It’s no secret that I love nut butters. I think my biggest concern about Passover was that I wouldn’t be able to have peanut butter for a week. That meant I needed to get on the stick and make some of my own nut butters! First up was my cashew butter. It’s so delicious and creamy, but I couldn’t just settle for one butter.
Next up was the walnut butter. I knew I wanted to add a little extra flavor to the mix to balance out the bitterness of the walnuts and I absolutely love the result! It’s also perfect for my Quinoa Granola!

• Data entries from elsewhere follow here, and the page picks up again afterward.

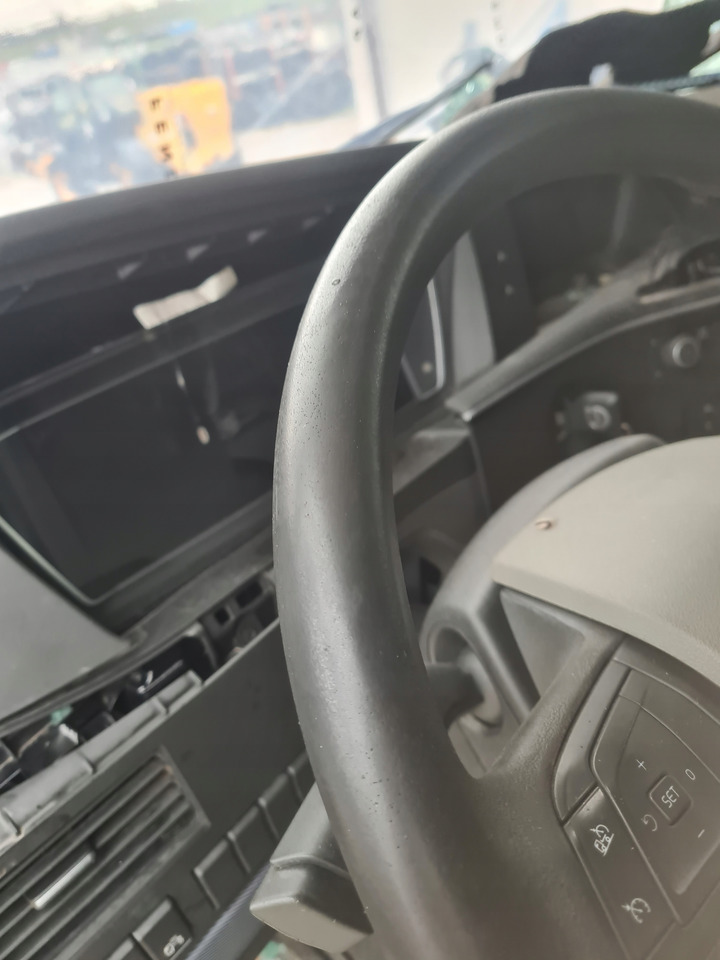 VOLVO WIELOFUNKCYJNA KOMPLETNA - Direksiyon simidi - Kamyon: fotoğraf 4 VOLVO WIELOFUNKCYJNA KOMPLETNA - Direksiyon simidi - Kamyon: fotoğraf 4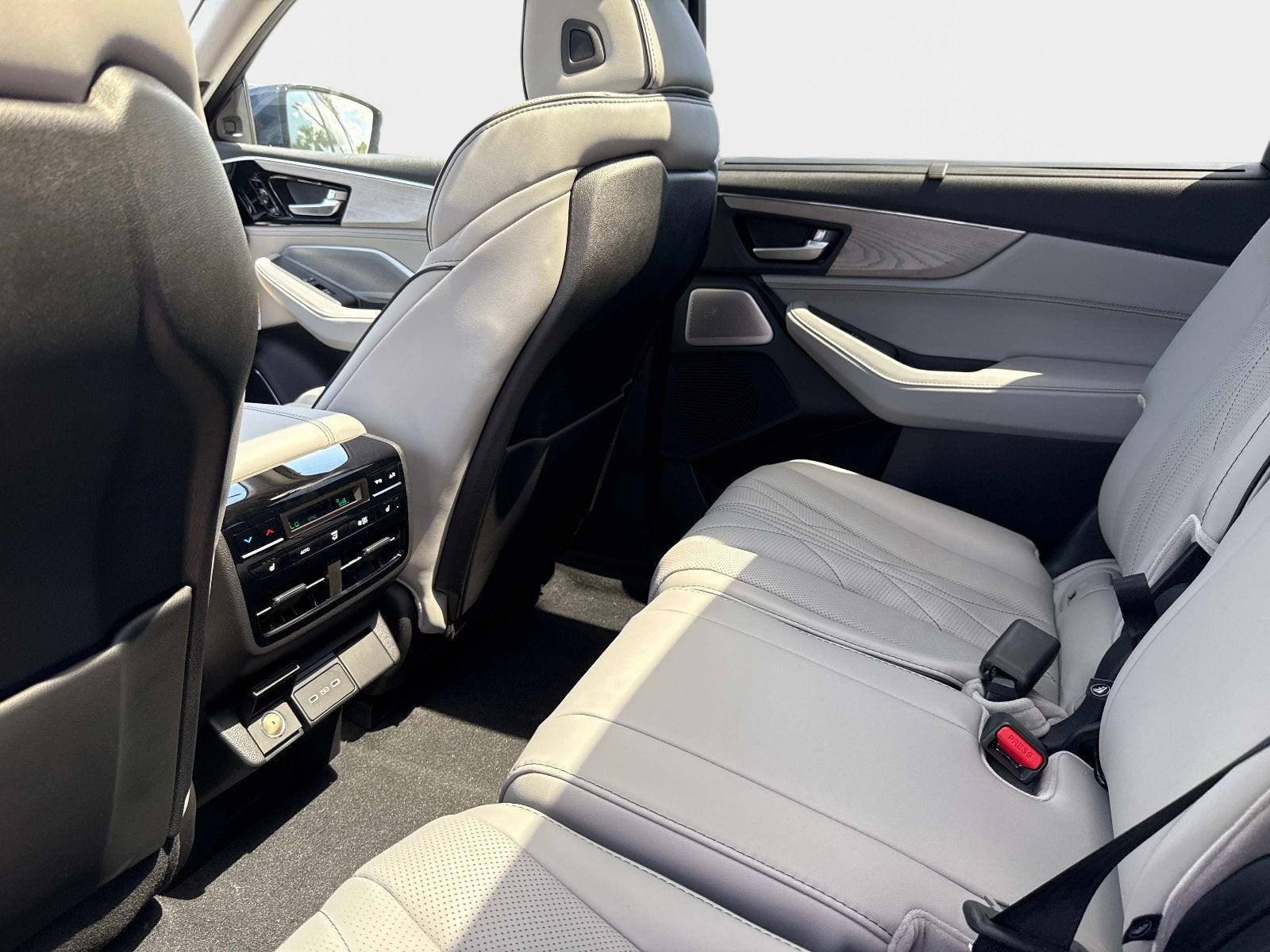 2026 Acura MDX w/Advance Package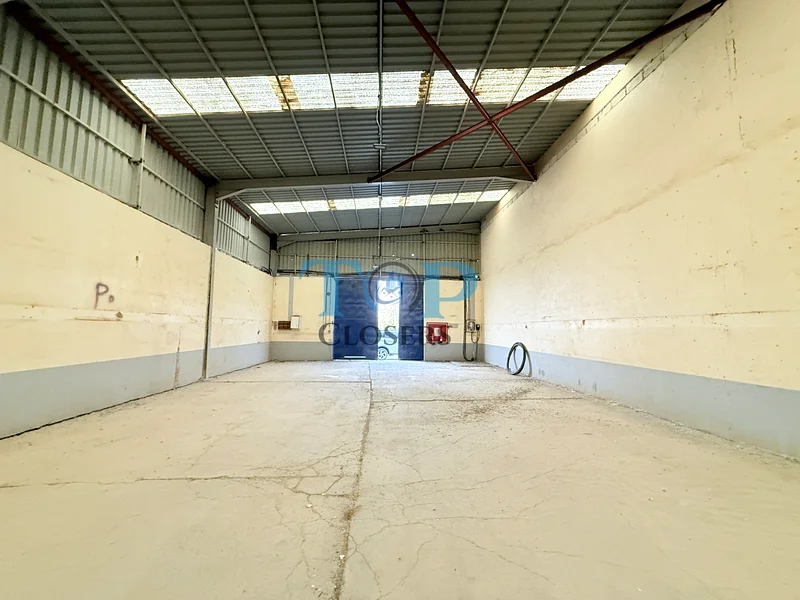 Sharikat | 300 SQM Warehouse with Tenancy Contract63261781419906114
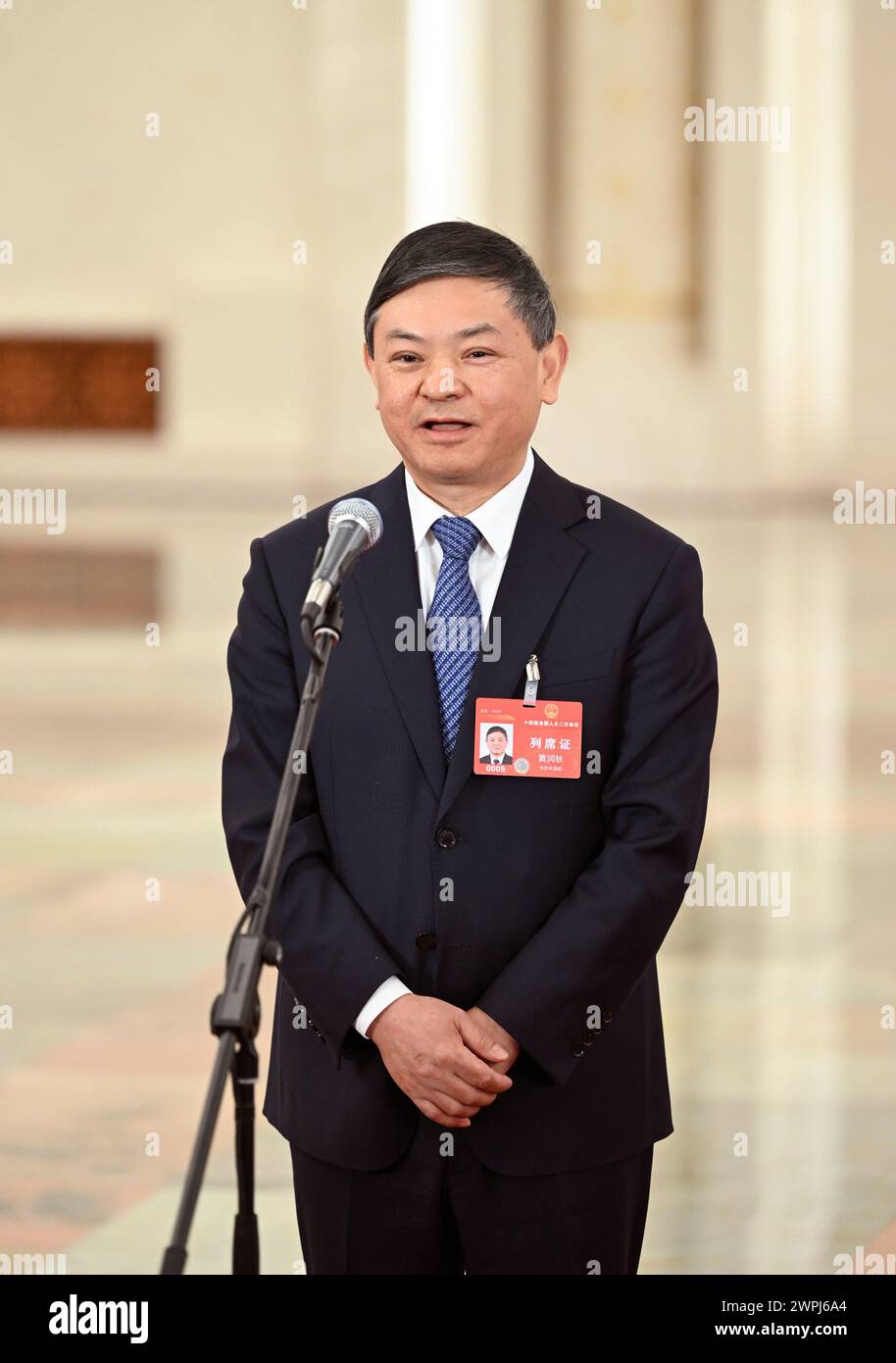 Pékin, Chine. 8 mars 2024. Le ministre chinois de l'écologie et de l'environnement Huang Runqiu donne une interview après la deuxième réunion plénière de la deuxième session du 14ème Congrès national du peuple (ANP) au Grand Hall du peuple à Pékin, capitale de la Chine, le 8 mars 2024. Crédit : Mu Yu/Xinhua/Alamy Live News Banque D'Images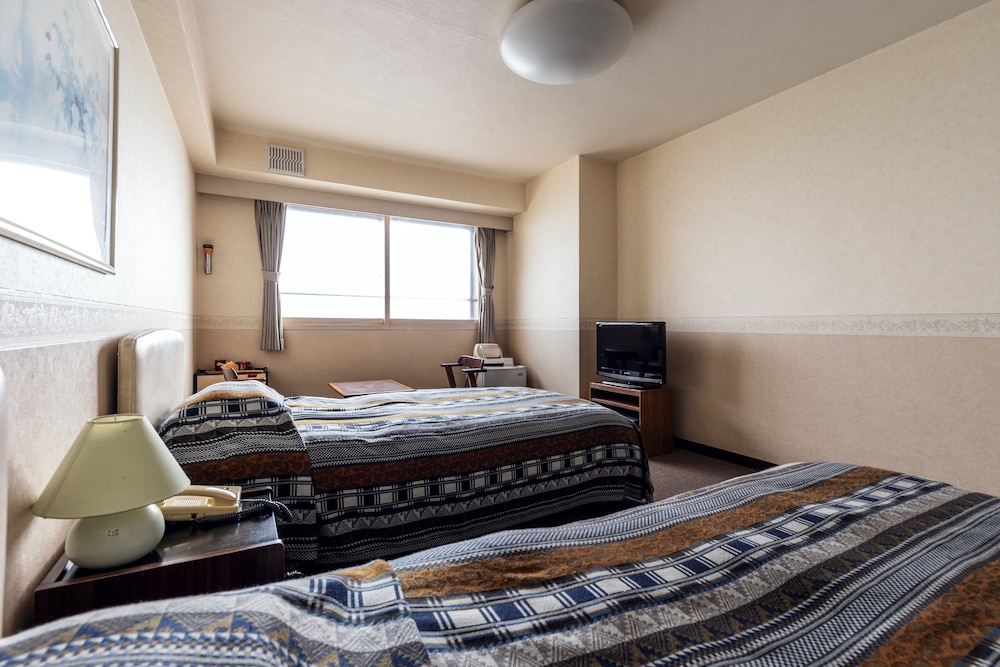 yunokawa hot spring yunohama hotel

Maple Cinnamon Walnut Butter
Makes twelve 2 tbsp servings
– 12 oz raw walnuts
– 2 tsp maple syrup
– 1 tsp ground cinnamon
– 1/2 tsp sea salt
Preheat oven to 350°F. Spread the walnuts onto a baking sheet and place in the oven for about 10-15 minutes until toasted. Remove from the oven and let cool.
Add the walnuts to the food processor and start blending! The processing takes about 10 minutes, stopping at times to scrape down the sides. After the walnuts start to form a paste, add the syrup, cinnamon, and salt. Once fully processed, store in an air tight jar in the refrigerator.
It may serve less, depending on how much you eat while you’re making it! 😉
Per 2 tbsp serving
196 Calories / 18g Fat / 5g Carbs / 2g Fiber / 2g Sugar / 5g Protein
Food for Thought
What is your favorite nut or seed butter? Do you or have you ever made your own?